• **What this task involves**: From the records that follow, return exactly the lines beginning at the one that contains "2-к квартира, 56.9м² (, 2) - миниатюра 8" and ending at the one that contains "the grim adventures", pictures left out.
Top of Records to use
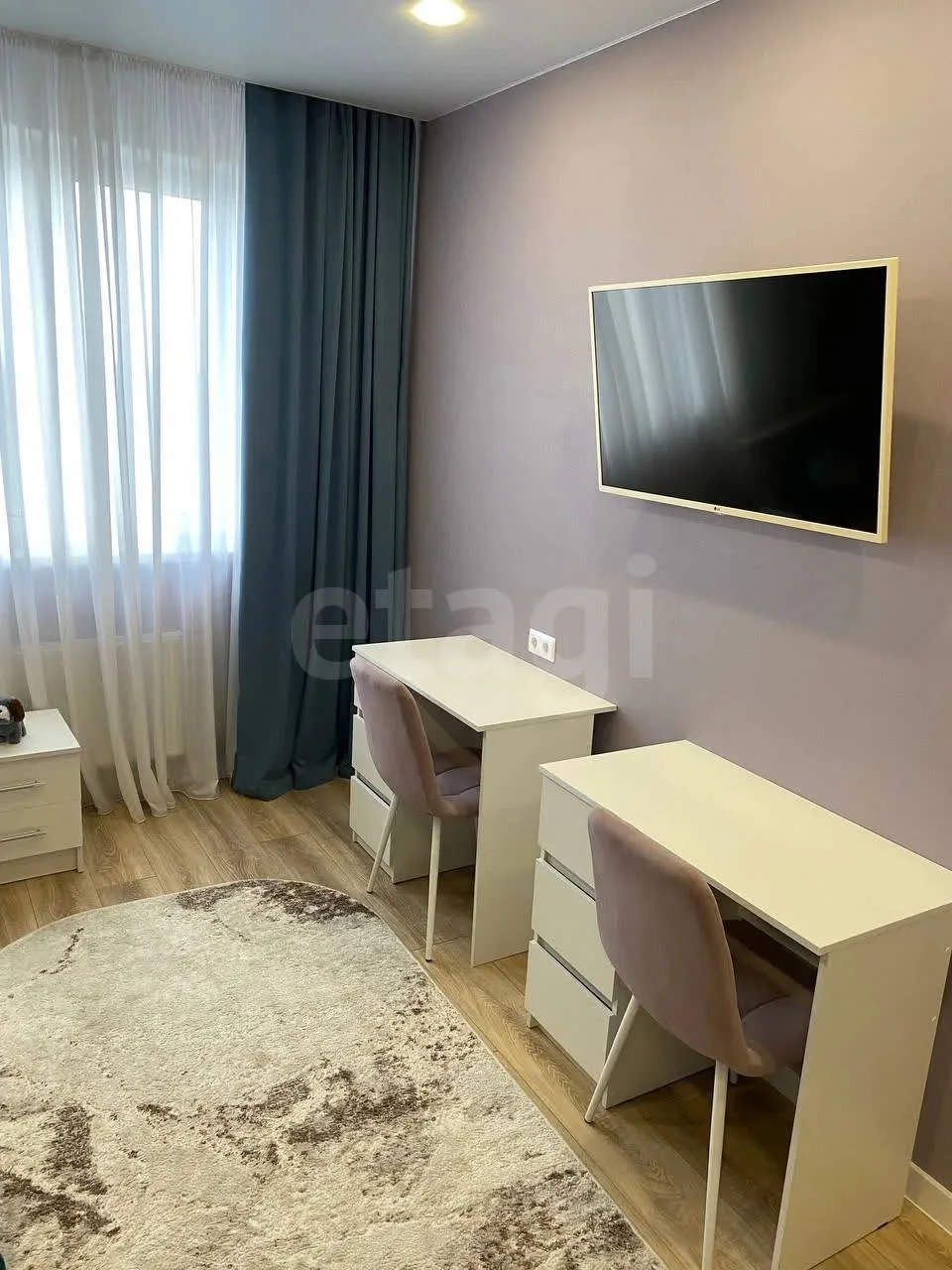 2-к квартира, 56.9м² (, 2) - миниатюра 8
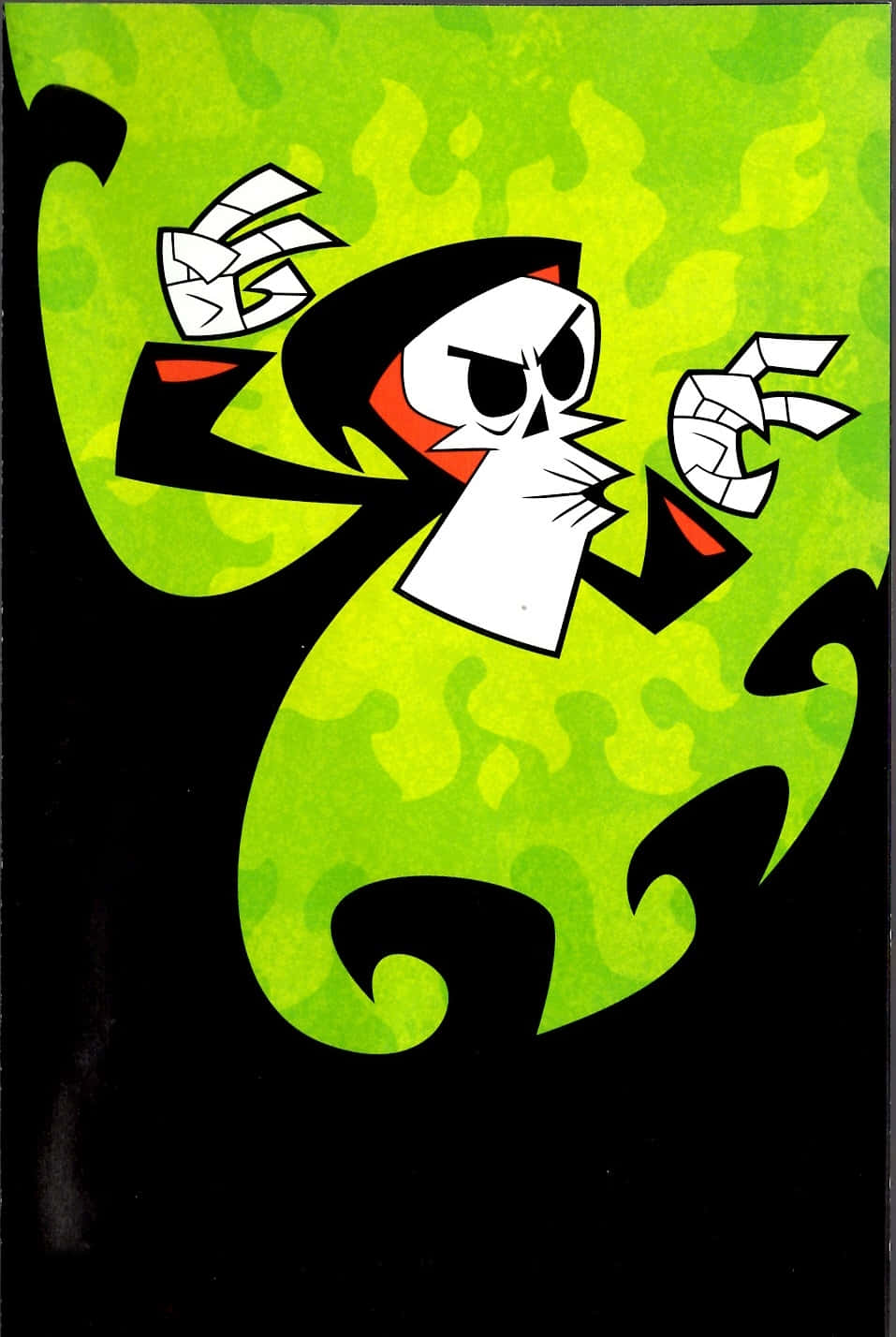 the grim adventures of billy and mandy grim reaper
Bottom of Records to use
Top of Records to use
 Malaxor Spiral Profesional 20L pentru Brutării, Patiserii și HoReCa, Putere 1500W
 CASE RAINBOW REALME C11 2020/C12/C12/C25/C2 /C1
Bottom of Records to use
• **Task solution**:
 2-к квартира, 56.9м² (, 2) - миниатюра 8
 the grim adventures of billy and mandy grim reaper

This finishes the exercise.